#### WORK REQUEST
Each line below must be written out exactly as shown.
---+---
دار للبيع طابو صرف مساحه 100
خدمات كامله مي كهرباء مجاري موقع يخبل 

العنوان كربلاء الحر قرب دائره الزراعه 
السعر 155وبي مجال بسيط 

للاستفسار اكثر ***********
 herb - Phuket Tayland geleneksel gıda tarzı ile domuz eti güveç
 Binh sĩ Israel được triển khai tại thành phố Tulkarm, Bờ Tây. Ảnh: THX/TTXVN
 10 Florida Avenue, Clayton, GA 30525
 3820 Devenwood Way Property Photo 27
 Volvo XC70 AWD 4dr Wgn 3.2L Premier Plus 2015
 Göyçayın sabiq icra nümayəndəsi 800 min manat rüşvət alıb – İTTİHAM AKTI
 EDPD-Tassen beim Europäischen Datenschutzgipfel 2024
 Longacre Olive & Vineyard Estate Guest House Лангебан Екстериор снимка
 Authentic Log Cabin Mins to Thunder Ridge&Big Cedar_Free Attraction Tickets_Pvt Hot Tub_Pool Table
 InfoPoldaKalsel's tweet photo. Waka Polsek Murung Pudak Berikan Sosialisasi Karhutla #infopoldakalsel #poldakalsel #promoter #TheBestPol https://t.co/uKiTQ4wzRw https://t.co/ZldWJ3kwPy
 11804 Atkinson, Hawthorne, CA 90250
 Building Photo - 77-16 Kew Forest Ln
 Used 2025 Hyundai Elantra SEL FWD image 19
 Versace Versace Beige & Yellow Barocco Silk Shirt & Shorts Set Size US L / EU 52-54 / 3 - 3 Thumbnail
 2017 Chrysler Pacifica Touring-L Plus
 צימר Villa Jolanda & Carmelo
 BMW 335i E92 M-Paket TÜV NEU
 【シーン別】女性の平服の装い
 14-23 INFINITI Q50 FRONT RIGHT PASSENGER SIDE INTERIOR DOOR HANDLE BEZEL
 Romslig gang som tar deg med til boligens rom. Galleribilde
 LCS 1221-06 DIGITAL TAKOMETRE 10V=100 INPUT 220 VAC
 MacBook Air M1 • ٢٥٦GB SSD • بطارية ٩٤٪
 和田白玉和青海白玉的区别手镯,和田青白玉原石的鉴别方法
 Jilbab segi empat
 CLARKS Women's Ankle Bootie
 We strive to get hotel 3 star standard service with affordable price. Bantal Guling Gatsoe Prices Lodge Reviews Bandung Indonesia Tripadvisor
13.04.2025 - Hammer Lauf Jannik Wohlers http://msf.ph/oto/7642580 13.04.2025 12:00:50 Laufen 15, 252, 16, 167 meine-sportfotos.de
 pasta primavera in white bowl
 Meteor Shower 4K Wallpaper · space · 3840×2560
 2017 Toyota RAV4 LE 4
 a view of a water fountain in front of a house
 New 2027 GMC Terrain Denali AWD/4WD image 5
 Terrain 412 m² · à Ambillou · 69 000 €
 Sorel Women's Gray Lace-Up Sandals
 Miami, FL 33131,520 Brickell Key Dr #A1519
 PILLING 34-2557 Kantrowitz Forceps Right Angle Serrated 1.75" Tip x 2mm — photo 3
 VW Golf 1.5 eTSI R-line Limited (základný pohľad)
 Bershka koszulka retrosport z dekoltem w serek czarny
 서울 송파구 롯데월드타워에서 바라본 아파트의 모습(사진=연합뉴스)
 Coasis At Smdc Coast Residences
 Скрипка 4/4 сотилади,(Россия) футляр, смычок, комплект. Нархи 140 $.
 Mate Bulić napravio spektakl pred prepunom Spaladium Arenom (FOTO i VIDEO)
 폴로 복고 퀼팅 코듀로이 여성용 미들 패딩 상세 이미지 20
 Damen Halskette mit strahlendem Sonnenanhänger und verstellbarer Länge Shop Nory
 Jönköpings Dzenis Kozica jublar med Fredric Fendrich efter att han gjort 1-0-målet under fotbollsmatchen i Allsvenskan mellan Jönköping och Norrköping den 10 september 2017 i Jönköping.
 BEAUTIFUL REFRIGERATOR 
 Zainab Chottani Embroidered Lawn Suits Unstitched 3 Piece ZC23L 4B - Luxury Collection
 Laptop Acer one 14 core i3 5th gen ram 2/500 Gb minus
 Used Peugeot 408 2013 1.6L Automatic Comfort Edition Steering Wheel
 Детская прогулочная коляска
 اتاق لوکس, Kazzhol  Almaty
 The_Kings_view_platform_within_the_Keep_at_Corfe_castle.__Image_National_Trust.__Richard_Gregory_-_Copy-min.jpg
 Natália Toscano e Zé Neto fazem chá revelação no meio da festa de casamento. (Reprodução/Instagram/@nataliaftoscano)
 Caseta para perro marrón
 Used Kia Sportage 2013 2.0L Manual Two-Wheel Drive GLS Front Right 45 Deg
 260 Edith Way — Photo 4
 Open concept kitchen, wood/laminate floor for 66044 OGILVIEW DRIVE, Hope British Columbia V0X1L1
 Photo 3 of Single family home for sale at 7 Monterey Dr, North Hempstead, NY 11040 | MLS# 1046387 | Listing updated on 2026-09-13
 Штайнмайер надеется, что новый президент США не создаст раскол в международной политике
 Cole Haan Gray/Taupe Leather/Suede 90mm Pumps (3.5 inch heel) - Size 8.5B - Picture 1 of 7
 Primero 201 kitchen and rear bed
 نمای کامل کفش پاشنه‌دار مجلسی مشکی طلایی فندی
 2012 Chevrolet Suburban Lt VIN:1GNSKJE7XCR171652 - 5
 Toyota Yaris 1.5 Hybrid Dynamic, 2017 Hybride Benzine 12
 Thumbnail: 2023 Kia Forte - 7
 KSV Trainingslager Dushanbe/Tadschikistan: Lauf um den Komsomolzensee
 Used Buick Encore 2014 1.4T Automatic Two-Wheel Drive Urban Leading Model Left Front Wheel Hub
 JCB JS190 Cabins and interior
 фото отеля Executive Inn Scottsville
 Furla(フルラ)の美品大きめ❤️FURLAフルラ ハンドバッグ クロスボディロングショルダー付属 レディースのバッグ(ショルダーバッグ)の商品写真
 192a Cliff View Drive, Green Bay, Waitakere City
---+---
#### RESULT FOR THIS EXERCISE
دار للبيع طابو صرف مساحه 100
خدمات كامله مي كهرباء مجاري موقع يخبل 

العنوان كربلاء الحر قرب دائره الزراعه 
السعر 155وبي مجال بسيط 

للاستفسار اكثر ***********
 herb - Phuket Tayland geleneksel gıda tarzı ile domuz eti güveç
 Binh sĩ Israel được triển khai tại thành phố Tulkarm, Bờ Tây. Ảnh: THX/TTXVN
 10 Florida Avenue, Clayton, GA 30525
 3820 Devenwood Way Property Photo 27
 Volvo XC70 AWD 4dr Wgn 3.2L Premier Plus 2015
 Göyçayın sabiq icra nümayəndəsi 800 min manat rüşvət alıb – İTTİHAM AKTI
 EDPD-Tassen beim Europäischen Datenschutzgipfel 2024
 Longacre Olive & Vineyard Estate Guest House Лангебан Екстериор снимка
 Authentic Log Cabin Mins to Thunder Ridge&Big Cedar_Free Attraction Tickets_Pvt Hot Tub_Pool Table
 InfoPoldaKalsel's tweet photo. Waka Polsek Murung Pudak Berikan Sosialisasi Karhutla #infopoldakalsel #poldakalsel #promoter #TheBestPol https://t.co/uKiTQ4wzRw https://t.co/ZldWJ3kwPy
 11804 Atkinson, Hawthorne, CA 90250
 Building Photo - 77-16 Kew Forest Ln
 Used 2025 Hyundai Elantra SEL FWD image 19
 Versace Versace Beige & Yellow Barocco Silk Shirt & Shorts Set Size US L / EU 52-54 / 3 - 3 Thumbnail
 2017 Chrysler Pacifica Touring-L Plus
 צימר Villa Jolanda & Carmelo
 BMW 335i E92 M-Paket TÜV NEU
 【シーン別】女性の平服の装い
 14-23 INFINITI Q50 FRONT RIGHT PASSENGER SIDE INTERIOR DOOR HANDLE BEZEL
 Romslig gang som tar deg med til boligens rom. Galleribilde
 LCS 1221-06 DIGITAL TAKOMETRE 10V=100 INPUT 220 VAC
 MacBook Air M1 • ٢٥٦GB SSD • بطارية ٩٤٪
 和田白玉和青海白玉的区别手镯,和田青白玉原石的鉴别方法
 Jilbab segi empat
 CLARKS Women's Ankle Bootie
 We strive to get hotel 3 star standard service with affordable price. Bantal Guling Gatsoe Prices Lodge Reviews Bandung Indonesia Tripadvisor
13.04.2025 - Hammer Lauf Jannik Wohlers http://msf.ph/oto/7642580 13.04.2025 12:00:50 Laufen 15, 252, 16, 167 meine-sportfotos.de
 pasta primavera in white bowl
 Meteor Shower 4K Wallpaper · space · 3840×2560
 2017 Toyota RAV4 LE 4
 a view of a water fountain in front of a house
 New 2027 GMC Terrain Denali AWD/4WD image 5
 Terrain 412 m² · à Ambillou · 69 000 €
 Sorel Women's Gray Lace-Up Sandals
 Miami, FL 33131,520 Brickell Key Dr #A1519
 PILLING 34-2557 Kantrowitz Forceps Right Angle Serrated 1.75" Tip x 2mm — photo 3
 VW Golf 1.5 eTSI R-line Limited (základný pohľad)
 Bershka koszulka retrosport z dekoltem w serek czarny
 서울 송파구 롯데월드타워에서 바라본 아파트의 모습(사진=연합뉴스)
 Coasis At Smdc Coast Residences
 Скрипка 4/4 сотилади,(Россия) футляр, смычок, комплект. Нархи 140 $.
 Mate Bulić napravio spektakl pred prepunom Spaladium Arenom (FOTO i VIDEO)
 폴로 복고 퀼팅 코듀로이 여성용 미들 패딩 상세 이미지 20
 Damen Halskette mit strahlendem Sonnenanhänger und verstellbarer Länge Shop Nory
 Jönköpings Dzenis Kozica jublar med Fredric Fendrich efter att han gjort 1-0-målet under fotbollsmatchen i Allsvenskan mellan Jönköping och Norrköping den 10 september 2017 i Jönköping.
 BEAUTIFUL REFRIGERATOR 
 Zainab Chottani Embroidered Lawn Suits Unstitched 3 Piece ZC23L 4B - Luxury Collection
 Laptop Acer one 14 core i3 5th gen ram 2/500 Gb minus
 Used Peugeot 408 2013 1.6L Automatic Comfort Edition Steering Wheel
 Детская прогулочная коляска
 اتاق لوکس, Kazzhol  Almaty
 The_Kings_view_platform_within_the_Keep_at_Corfe_castle.__Image_National_Trust.__Richard_Gregory_-_Copy-min.jpg
 Natália Toscano e Zé Neto fazem chá revelação no meio da festa de casamento. (Reprodução/Instagram/@nataliaftoscano)
 Caseta para perro marrón
 Used Kia Sportage 2013 2.0L Manual Two-Wheel Drive GLS Front Right 45 Deg
 260 Edith Way — Photo 4
 Open concept kitchen, wood/laminate floor for 66044 OGILVIEW DRIVE, Hope British Columbia V0X1L1
 Photo 3 of Single family home for sale at 7 Monterey Dr, North Hempstead, NY 11040 | MLS# 1046387 | Listing updated on 2026-09-13
 Штайнмайер надеется, что новый президент США не создаст раскол в международной политике
 Cole Haan Gray/Taupe Leather/Suede 90mm Pumps (3.5 inch heel) - Size 8.5B - Picture 1 of 7
 Primero 201 kitchen and rear bed
 نمای کامل کفش پاشنه‌دار مجلسی مشکی طلایی فندی
 2012 Chevrolet Suburban Lt VIN:1GNSKJE7XCR171652 - 5
 Toyota Yaris 1.5 Hybrid Dynamic, 2017 Hybride Benzine 12
 Thumbnail: 2023 Kia Forte - 7
 KSV Trainingslager Dushanbe/Tadschikistan: Lauf um den Komsomolzensee
 Used Buick Encore 2014 1.4T Automatic Two-Wheel Drive Urban Leading Model Left Front Wheel Hub
 JCB JS190 Cabins and interior
 фото отеля Executive Inn Scottsville
 Furla(フルラ)の美品大きめ❤️FURLAフルラ ハンドバッグ クロスボディロングショルダー付属 レディースのバッグ(ショルダーバッグ)の商品写真
 192a Cliff View Drive, Green Bay, Waitakere City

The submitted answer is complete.